Task description:
All of the data is to be copied word for word.

(Dataset entries)
BEGIN

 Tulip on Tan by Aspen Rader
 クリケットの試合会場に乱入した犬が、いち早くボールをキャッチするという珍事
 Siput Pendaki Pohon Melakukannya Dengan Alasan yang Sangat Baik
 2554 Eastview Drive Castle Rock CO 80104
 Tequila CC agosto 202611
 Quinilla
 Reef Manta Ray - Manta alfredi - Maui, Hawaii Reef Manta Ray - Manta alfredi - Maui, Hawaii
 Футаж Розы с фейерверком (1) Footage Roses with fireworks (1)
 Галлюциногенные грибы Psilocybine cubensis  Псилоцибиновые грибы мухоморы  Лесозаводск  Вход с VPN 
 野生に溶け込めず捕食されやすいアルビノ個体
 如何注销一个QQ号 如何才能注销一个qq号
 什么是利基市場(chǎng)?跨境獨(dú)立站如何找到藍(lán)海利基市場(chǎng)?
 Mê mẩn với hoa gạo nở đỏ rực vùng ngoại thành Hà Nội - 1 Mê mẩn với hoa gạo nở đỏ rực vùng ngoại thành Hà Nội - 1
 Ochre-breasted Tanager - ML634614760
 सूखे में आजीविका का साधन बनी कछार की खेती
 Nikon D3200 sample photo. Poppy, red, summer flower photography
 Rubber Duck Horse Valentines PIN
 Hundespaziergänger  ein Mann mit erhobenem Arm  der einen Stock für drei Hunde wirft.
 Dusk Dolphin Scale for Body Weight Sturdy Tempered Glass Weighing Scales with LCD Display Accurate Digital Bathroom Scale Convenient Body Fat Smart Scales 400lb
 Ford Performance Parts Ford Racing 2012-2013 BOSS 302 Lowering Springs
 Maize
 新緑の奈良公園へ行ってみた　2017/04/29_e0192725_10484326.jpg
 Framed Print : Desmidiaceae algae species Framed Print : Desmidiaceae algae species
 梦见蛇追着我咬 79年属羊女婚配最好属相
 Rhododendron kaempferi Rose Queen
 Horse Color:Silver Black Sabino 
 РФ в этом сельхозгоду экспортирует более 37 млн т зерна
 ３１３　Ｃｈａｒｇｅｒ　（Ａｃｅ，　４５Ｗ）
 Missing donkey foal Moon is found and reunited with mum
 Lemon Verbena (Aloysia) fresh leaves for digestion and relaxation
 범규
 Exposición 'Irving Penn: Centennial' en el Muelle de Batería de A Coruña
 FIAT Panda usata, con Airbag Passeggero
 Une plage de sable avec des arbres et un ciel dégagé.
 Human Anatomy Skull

END

Response below:
 Tulip on Tan by Aspen Rader
 クリケットの試合会場に乱入した犬が、いち早くボールをキャッチするという珍事
 Siput Pendaki Pohon Melakukannya Dengan Alasan yang Sangat Baik
 2554 Eastview Drive Castle Rock CO 80104
 Tequila CC agosto 202611
 Quinilla
 Reef Manta Ray - Manta alfredi - Maui, Hawaii Reef Manta Ray - Manta alfredi - Maui, Hawaii
 Футаж Розы с фейерверком (1) Footage Roses with fireworks (1)
 Галлюциногенные грибы Psilocybine cubensis  Псилоцибиновые грибы мухоморы  Лесозаводск  Вход с VPN 
 野生に溶け込めず捕食されやすいアルビノ個体
 如何注销一个QQ号 如何才能注销一个qq号
 什么是利基市場(chǎng)?跨境獨(dú)立站如何找到藍(lán)海利基市場(chǎng)?
 Mê mẩn với hoa gạo nở đỏ rực vùng ngoại thành Hà Nội - 1 Mê mẩn với hoa gạo nở đỏ rực vùng ngoại thành Hà Nội - 1
 Ochre-breasted Tanager - ML634614760
 सूखे में आजीविका का साधन बनी कछार की खेती
 Nikon D3200 sample photo. Poppy, red, summer flower photography
 Rubber Duck Horse Valentines PIN
 Hundespaziergänger  ein Mann mit erhobenem Arm  der einen Stock für drei Hunde wirft.
 Dusk Dolphin Scale for Body Weight Sturdy Tempered Glass Weighing Scales with LCD Display Accurate Digital Bathroom Scale Convenient Body Fat Smart Scales 400lb
 Ford Performance Parts Ford Racing 2012-2013 BOSS 302 Lowering Springs
 Maize
 新緑の奈良公園へ行ってみた　2017/04/29_e0192725_10484326.jpg
 Framed Print : Desmidiaceae algae species Framed Print : Desmidiaceae algae species
 梦见蛇追着我咬 79年属羊女婚配最好属相
 Rhododendron kaempferi Rose Queen
 Horse Color:Silver Black Sabino 
 РФ в этом сельхозгоду экспортирует более 37 млн т зерна
 ３１３　Ｃｈａｒｇｅｒ　（Ａｃｅ，　４５Ｗ）
 Missing donkey foal Moon is found and reunited with mum
 Lemon Verbena (Aloysia) fresh leaves for digestion and relaxation
 범규
 Exposición 'Irving Penn: Centennial' en el Muelle de Batería de A Coruña
 FIAT Panda usata, con Airbag Passeggero
 Une plage de sable avec des arbres et un ciel dégagé.
 Human Anatomy Skull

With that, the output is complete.